Kwanzaa aims to reinforce the seven principles, or the Nguzo Saba. The seven principles include Umoja (unity), Kujichagulia (self-determination), Ujima (responsibility), Ujamaa (cooperative economics), Nia (purpose), Kuumba (creativity) and Imani (faith).
The holiday consists of various activities including reciting poetry, African drumming and a feast called Karamu on the sixth day. Each day, a candle is lit on a Kinara, a seven-branch candle holder, with each one standing for a different principle. The candles are green and red with a single black candle in the center.
The colors of the Pan-African flag, green, red and black are also seen on the clothing of participants and in decorations.

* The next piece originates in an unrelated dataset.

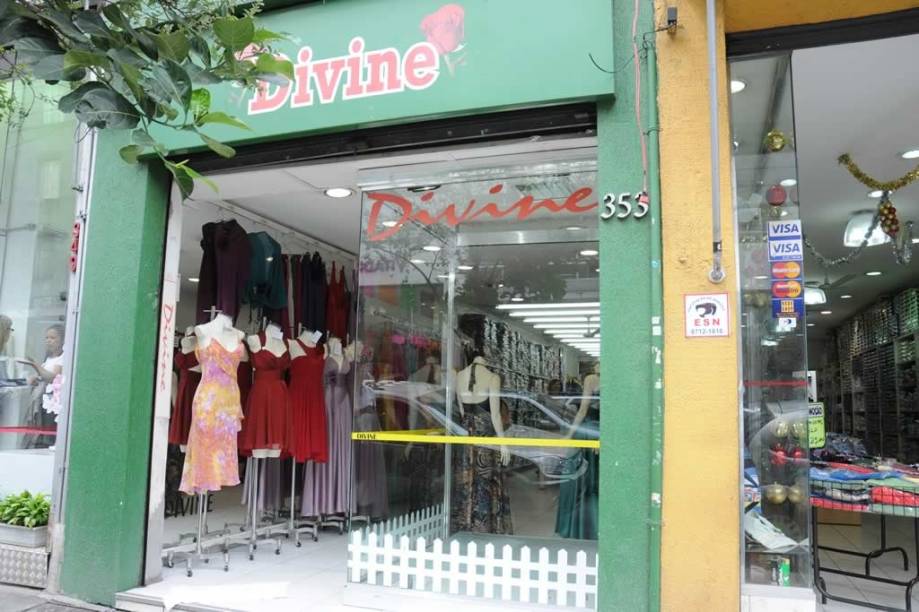 Divine: especializada em vestidos (longos e curtos) para ocasiões formais Divine: especializada em vestidos (longos e curtos) para ocasiões formais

“Each principle calls for corresponding practice that’s not just a practice. That’s also a cultural practice,” said Karenga. “People forget Kwanzaa is born in struggle and if you read the language of each principle, it starts with striving and struggling.”
Karenga is highly involved in various professional and community affiliations such as the African Heritage Studies Association, the Journal of Black Studies, TransAfrica Forum, the National Association of Kawaida Organizations (NAKO) and more.
He is the author of over 17 books and numerous African studies articles. Winning numerous awards for leadership, Black studies and scholarly achievements, Karenga’s activism has touched many lives.
“There are two things we should all care about; never forget where we came from and always praise the bridges that carried us over,” said Karenga.
Kwanzaa is a primarily African American holiday and can be celebrated by any African American of any religion. Generally celebrated by Black Americans, it’s also celebrated outside of the United States in other countries where there are large numbers of African descendants, including the Caribbean. It was conceived as a nonpolitical, nonreligious holiday; contrary to popular belief, it is not a substitute for Christmas.
Public Policy Polling shows that around 12.5 million Americans and around 40 million globally, celebrated Kwanzaa in 2022. This includes South Africa, Nigeria, South America, Canada, the Caribbean and more. According to Karenga, it’s not just for people of African American descent.
“One of the most important things you can do as Black people is to dialogue with your own culture,” Karenga said.